→ Task requirements
Please return all of the data exactly as written.

::::

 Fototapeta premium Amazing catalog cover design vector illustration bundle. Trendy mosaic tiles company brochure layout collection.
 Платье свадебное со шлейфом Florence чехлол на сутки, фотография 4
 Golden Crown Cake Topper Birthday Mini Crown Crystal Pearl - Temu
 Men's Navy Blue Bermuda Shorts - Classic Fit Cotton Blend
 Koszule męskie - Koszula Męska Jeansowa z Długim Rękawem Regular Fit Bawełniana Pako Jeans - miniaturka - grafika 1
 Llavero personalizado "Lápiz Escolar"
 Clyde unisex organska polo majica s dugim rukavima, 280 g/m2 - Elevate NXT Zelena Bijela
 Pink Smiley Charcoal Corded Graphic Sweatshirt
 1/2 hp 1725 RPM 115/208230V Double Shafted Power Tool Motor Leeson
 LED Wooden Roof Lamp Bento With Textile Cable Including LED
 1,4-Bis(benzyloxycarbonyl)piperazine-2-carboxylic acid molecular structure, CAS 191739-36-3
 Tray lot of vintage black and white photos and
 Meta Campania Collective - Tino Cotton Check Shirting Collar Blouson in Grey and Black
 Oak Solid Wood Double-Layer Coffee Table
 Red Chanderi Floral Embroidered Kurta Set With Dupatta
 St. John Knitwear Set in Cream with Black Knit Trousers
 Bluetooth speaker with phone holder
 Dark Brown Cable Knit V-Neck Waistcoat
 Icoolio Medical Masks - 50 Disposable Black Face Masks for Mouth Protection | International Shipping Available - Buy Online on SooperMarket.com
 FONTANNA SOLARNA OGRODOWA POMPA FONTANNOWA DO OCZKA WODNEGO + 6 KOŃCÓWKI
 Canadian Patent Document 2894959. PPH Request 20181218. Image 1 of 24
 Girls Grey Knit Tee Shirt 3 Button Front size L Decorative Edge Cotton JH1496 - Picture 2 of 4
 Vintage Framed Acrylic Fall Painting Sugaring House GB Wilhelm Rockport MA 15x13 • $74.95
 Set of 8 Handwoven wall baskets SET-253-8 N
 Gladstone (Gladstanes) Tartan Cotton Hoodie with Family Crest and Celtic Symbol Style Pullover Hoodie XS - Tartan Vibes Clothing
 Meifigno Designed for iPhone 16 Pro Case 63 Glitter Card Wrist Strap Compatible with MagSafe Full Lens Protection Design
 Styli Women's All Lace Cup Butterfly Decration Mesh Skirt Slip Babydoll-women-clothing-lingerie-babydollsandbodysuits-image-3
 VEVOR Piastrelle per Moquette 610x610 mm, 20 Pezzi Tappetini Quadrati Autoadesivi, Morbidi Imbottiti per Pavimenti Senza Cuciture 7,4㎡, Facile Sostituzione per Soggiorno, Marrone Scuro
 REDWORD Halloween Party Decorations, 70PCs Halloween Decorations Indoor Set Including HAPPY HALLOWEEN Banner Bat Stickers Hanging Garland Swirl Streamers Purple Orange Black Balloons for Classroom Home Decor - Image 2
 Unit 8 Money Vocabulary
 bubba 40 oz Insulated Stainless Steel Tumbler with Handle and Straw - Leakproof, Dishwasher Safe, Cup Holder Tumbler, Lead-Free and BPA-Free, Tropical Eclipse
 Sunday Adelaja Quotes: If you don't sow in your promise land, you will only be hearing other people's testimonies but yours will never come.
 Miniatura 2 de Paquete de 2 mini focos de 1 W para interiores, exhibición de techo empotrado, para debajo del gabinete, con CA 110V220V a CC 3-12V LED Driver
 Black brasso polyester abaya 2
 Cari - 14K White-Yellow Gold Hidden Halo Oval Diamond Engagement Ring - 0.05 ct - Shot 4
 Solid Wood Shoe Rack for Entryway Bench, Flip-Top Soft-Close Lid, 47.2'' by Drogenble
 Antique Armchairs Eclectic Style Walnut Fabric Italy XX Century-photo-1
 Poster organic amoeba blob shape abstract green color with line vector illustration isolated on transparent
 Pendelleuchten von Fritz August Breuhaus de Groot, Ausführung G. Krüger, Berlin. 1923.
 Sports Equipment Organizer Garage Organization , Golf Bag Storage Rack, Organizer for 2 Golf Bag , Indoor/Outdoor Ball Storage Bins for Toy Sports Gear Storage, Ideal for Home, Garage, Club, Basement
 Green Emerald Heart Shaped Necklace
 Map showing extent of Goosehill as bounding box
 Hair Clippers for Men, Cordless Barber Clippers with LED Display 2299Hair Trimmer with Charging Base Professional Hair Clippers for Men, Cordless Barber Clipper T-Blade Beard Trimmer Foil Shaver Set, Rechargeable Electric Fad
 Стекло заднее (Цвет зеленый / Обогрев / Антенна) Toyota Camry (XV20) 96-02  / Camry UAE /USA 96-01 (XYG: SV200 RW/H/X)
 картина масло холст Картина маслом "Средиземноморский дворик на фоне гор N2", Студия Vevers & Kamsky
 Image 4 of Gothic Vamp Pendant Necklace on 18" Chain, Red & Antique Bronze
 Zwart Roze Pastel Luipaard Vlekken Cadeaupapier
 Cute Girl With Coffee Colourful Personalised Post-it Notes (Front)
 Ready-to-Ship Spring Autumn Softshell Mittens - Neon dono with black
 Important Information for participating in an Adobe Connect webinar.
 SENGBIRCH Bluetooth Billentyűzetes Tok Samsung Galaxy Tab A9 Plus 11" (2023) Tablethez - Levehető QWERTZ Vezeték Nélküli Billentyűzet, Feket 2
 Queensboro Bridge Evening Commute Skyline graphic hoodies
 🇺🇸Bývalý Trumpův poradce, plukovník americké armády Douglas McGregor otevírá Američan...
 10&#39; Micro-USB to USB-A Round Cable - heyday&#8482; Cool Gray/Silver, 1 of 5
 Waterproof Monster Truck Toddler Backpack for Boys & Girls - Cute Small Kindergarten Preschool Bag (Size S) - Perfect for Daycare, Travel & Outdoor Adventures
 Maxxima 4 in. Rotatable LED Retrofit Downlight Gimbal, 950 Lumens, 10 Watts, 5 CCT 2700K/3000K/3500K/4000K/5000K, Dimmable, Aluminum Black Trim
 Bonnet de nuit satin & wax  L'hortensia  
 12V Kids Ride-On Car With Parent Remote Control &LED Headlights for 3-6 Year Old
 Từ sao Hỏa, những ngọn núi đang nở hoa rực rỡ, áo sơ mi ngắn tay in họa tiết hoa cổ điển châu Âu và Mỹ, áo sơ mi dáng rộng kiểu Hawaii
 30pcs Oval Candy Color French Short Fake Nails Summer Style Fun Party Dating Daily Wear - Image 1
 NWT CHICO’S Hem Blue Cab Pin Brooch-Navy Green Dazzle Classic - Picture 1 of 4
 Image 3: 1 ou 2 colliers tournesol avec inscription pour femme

::::

→ Result of the exercise
 Fototapeta premium Amazing catalog cover design vector illustration bundle. Trendy mosaic tiles company brochure layout collection.
 Платье свадебное со шлейфом Florence чехлол на сутки, фотография 4
 Golden Crown Cake Topper Birthday Mini Crown Crystal Pearl - Temu
 Men's Navy Blue Bermuda Shorts - Classic Fit Cotton Blend
 Koszule męskie - Koszula Męska Jeansowa z Długim Rękawem Regular Fit Bawełniana Pako Jeans - miniaturka - grafika 1
 Llavero personalizado "Lápiz Escolar"
 Clyde unisex organska polo majica s dugim rukavima, 280 g/m2 - Elevate NXT Zelena Bijela
 Pink Smiley Charcoal Corded Graphic Sweatshirt
 1/2 hp 1725 RPM 115/208230V Double Shafted Power Tool Motor Leeson
 LED Wooden Roof Lamp Bento With Textile Cable Including LED
 1,4-Bis(benzyloxycarbonyl)piperazine-2-carboxylic acid molecular structure, CAS 191739-36-3
 Tray lot of vintage black and white photos and
 Meta Campania Collective - Tino Cotton Check Shirting Collar Blouson in Grey and Black
 Oak Solid Wood Double-Layer Coffee Table
 Red Chanderi Floral Embroidered Kurta Set With Dupatta
 St. John Knitwear Set in Cream with Black Knit Trousers
 Bluetooth speaker with phone holder
 Dark Brown Cable Knit V-Neck Waistcoat
 Icoolio Medical Masks - 50 Disposable Black Face Masks for Mouth Protection | International Shipping Available - Buy Online on SooperMarket.com
 FONTANNA SOLARNA OGRODOWA POMPA FONTANNOWA DO OCZKA WODNEGO + 6 KOŃCÓWKI
 Canadian Patent Document 2894959. PPH Request 20181218. Image 1 of 24
 Girls Grey Knit Tee Shirt 3 Button Front size L Decorative Edge Cotton JH1496 - Picture 2 of 4
 Vintage Framed Acrylic Fall Painting Sugaring House GB Wilhelm Rockport MA 15x13 • $74.95
 Set of 8 Handwoven wall baskets SET-253-8 N
 Gladstone (Gladstanes) Tartan Cotton Hoodie with Family Crest and Celtic Symbol Style Pullover Hoodie XS - Tartan Vibes Clothing
 Meifigno Designed for iPhone 16 Pro Case 63 Glitter Card Wrist Strap Compatible with MagSafe Full Lens Protection Design
 Styli Women's All Lace Cup Butterfly Decration Mesh Skirt Slip Babydoll-women-clothing-lingerie-babydollsandbodysuits-image-3
 VEVOR Piastrelle per Moquette 610x610 mm, 20 Pezzi Tappetini Quadrati Autoadesivi, Morbidi Imbottiti per Pavimenti Senza Cuciture 7,4㎡, Facile Sostituzione per Soggiorno, Marrone Scuro
 REDWORD Halloween Party Decorations, 70PCs Halloween Decorations Indoor Set Including HAPPY HALLOWEEN Banner Bat Stickers Hanging Garland Swirl Streamers Purple Orange Black Balloons for Classroom Home Decor - Image 2
 Unit 8 Money Vocabulary
 bubba 40 oz Insulated Stainless Steel Tumbler with Handle and Straw - Leakproof, Dishwasher Safe, Cup Holder Tumbler, Lead-Free and BPA-Free, Tropical Eclipse
 Sunday Adelaja Quotes: If you don't sow in your promise land, you will only be hearing other people's testimonies but yours will never come.
 Miniatura 2 de Paquete de 2 mini focos de 1 W para interiores, exhibición de techo empotrado, para debajo del gabinete, con CA 110V220V a CC 3-12V LED Driver
 Black brasso polyester abaya 2
 Cari - 14K White-Yellow Gold Hidden Halo Oval Diamond Engagement Ring - 0.05 ct - Shot 4
 Solid Wood Shoe Rack for Entryway Bench, Flip-Top Soft-Close Lid, 47.2'' by Drogenble
 Antique Armchairs Eclectic Style Walnut Fabric Italy XX Century-photo-1
 Poster organic amoeba blob shape abstract green color with line vector illustration isolated on transparent
 Pendelleuchten von Fritz August Breuhaus de Groot, Ausführung G. Krüger, Berlin. 1923.
 Sports Equipment Organizer Garage Organization , Golf Bag Storage Rack, Organizer for 2 Golf Bag , Indoor/Outdoor Ball Storage Bins for Toy Sports Gear Storage, Ideal for Home, Garage, Club, Basement
 Green Emerald Heart Shaped Necklace
 Map showing extent of Goosehill as bounding box
 Hair Clippers for Men, Cordless Barber Clippers with LED Display 2299Hair Trimmer with Charging Base Professional Hair Clippers for Men, Cordless Barber Clipper T-Blade Beard Trimmer Foil Shaver Set, Rechargeable Electric Fad
 Стекло заднее (Цвет зеленый / Обогрев / Антенна) Toyota Camry (XV20) 96-02  / Camry UAE /USA 96-01 (XYG: SV200 RW/H/X)
 картина масло холст Картина маслом "Средиземноморский дворик на фоне гор N2", Студия Vevers & Kamsky
 Image 4 of Gothic Vamp Pendant Necklace on 18" Chain, Red & Antique Bronze
 Zwart Roze Pastel Luipaard Vlekken Cadeaupapier
 Cute Girl With Coffee Colourful Personalised Post-it Notes (Front)
 Ready-to-Ship Spring Autumn Softshell Mittens - Neon dono with black
 Important Information for participating in an Adobe Connect webinar.
 SENGBIRCH Bluetooth Billentyűzetes Tok Samsung Galaxy Tab A9 Plus 11" (2023) Tablethez - Levehető QWERTZ Vezeték Nélküli Billentyűzet, Feket 2
 Queensboro Bridge Evening Commute Skyline graphic hoodies
 🇺🇸Bývalý Trumpův poradce, plukovník americké armády Douglas McGregor otevírá Američan...
 10&#39; Micro-USB to USB-A Round Cable - heyday&#8482; Cool Gray/Silver, 1 of 5
 Waterproof Monster Truck Toddler Backpack for Boys & Girls - Cute Small Kindergarten Preschool Bag (Size S) - Perfect for Daycare, Travel & Outdoor Adventures
 Maxxima 4 in. Rotatable LED Retrofit Downlight Gimbal, 950 Lumens, 10 Watts, 5 CCT 2700K/3000K/3500K/4000K/5000K, Dimmable, Aluminum Black Trim
 Bonnet de nuit satin & wax  L'hortensia  
 12V Kids Ride-On Car With Parent Remote Control &LED Headlights for 3-6 Year Old
 Từ sao Hỏa, những ngọn núi đang nở hoa rực rỡ, áo sơ mi ngắn tay in họa tiết hoa cổ điển châu Âu và Mỹ, áo sơ mi dáng rộng kiểu Hawaii
 30pcs Oval Candy Color French Short Fake Nails Summer Style Fun Party Dating Daily Wear - Image 1
 NWT CHICO’S Hem Blue Cab Pin Brooch-Navy Green Dazzle Classic - Picture 1 of 4
 Image 3: 1 ou 2 colliers tournesol avec inscription pour femme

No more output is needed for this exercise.